Source data
════════
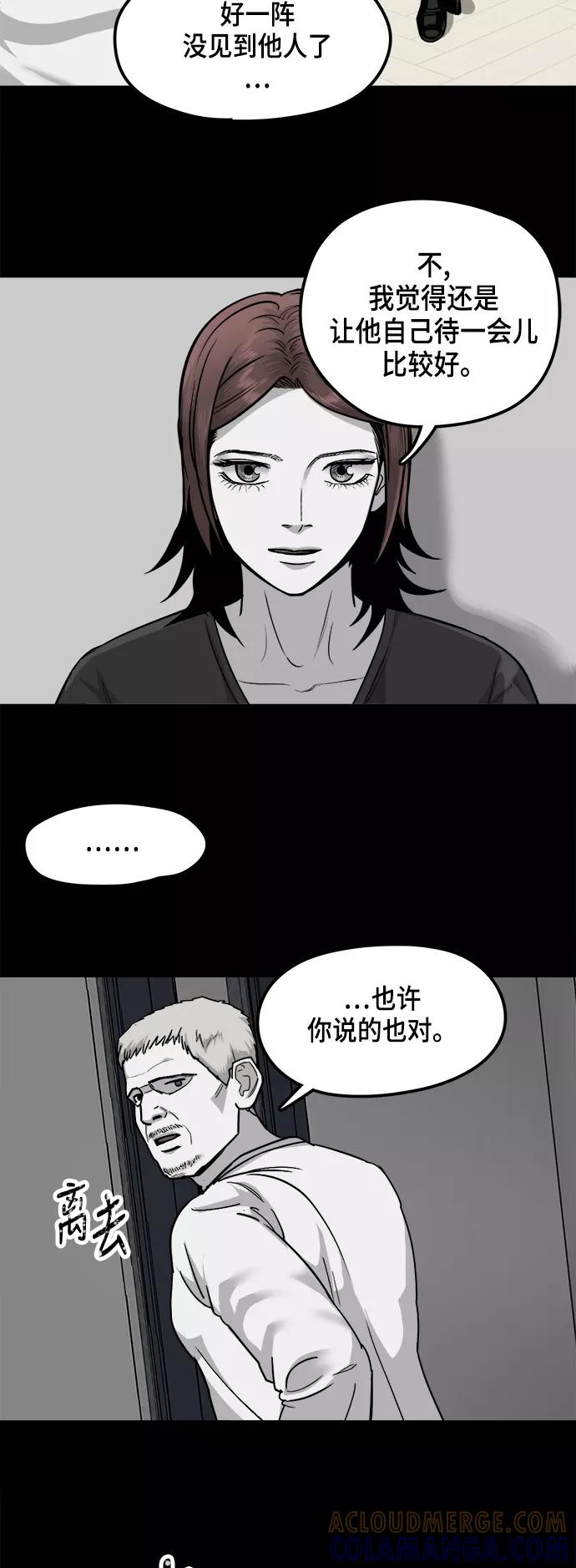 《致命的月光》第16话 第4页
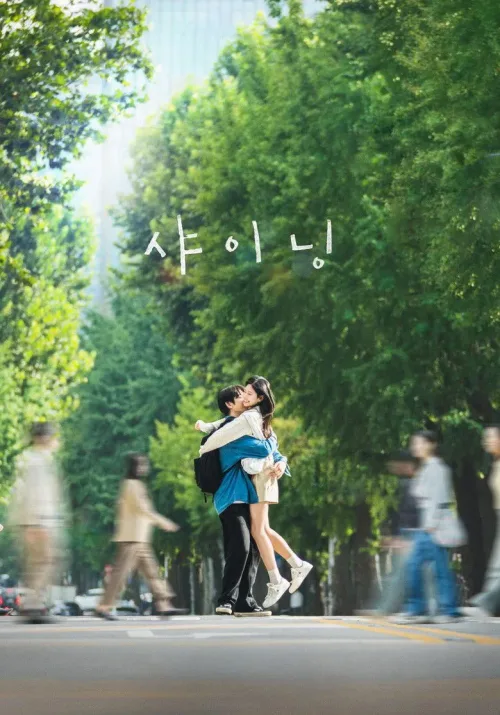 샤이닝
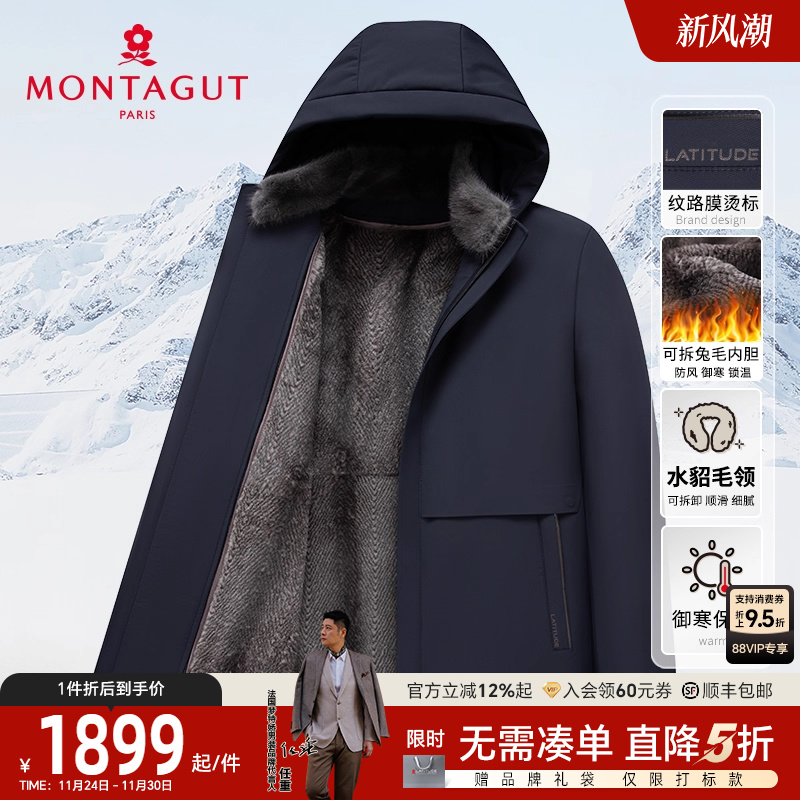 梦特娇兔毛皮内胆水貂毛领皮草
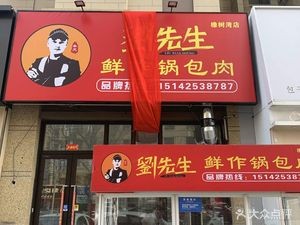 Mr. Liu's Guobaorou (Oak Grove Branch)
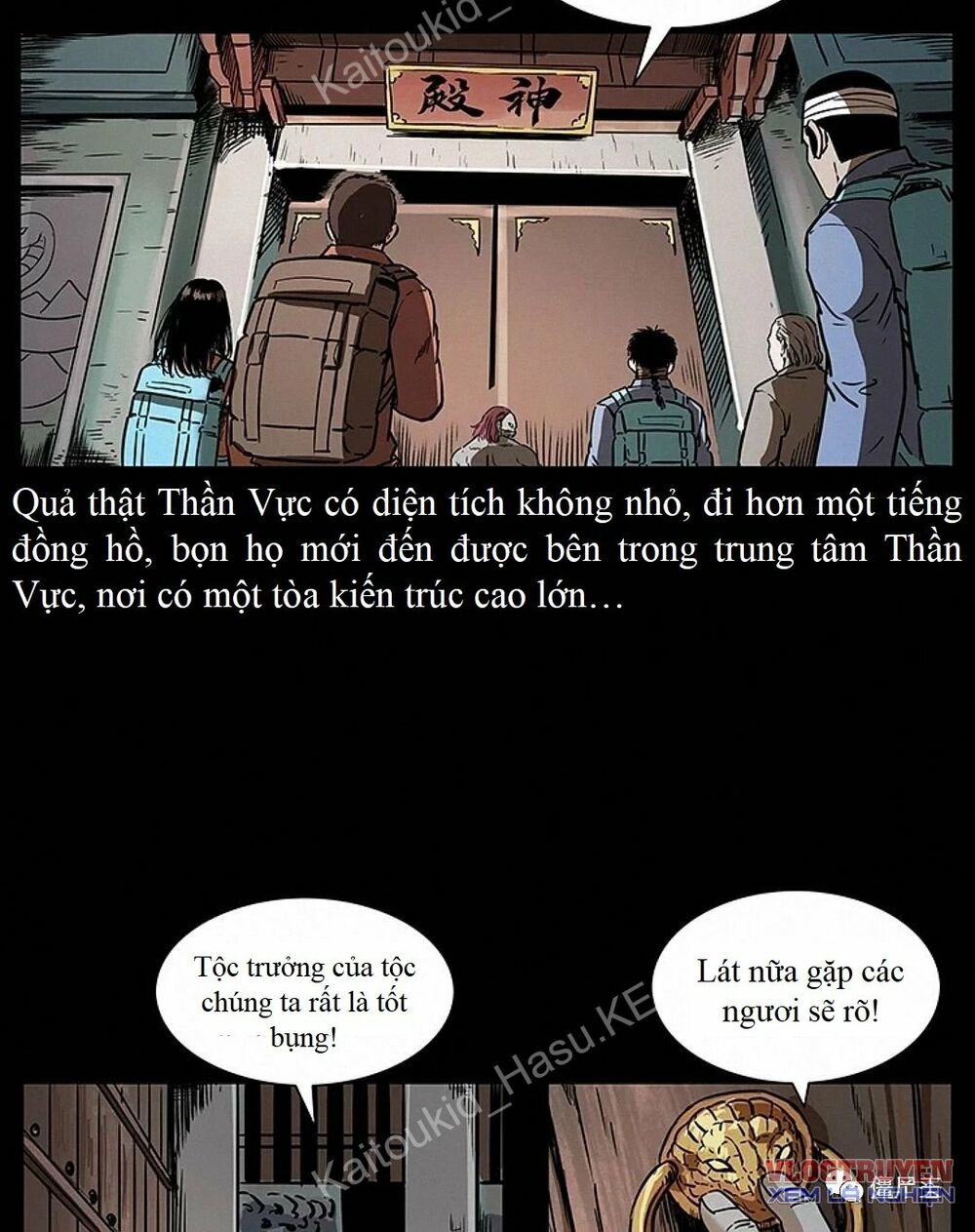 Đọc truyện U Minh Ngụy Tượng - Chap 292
════════
## Directions for this task:
Please retype all the entries word for word, omitting the pictures.

## Answer:
 《致命的月光》第16话 第4页
 샤이닝
 梦特娇兔毛皮内胆水貂毛领皮草
 Mr. Liu's Guobaorou (Oak Grove Branch)
 Đọc truyện U Minh Ngụy Tượng - Chap 292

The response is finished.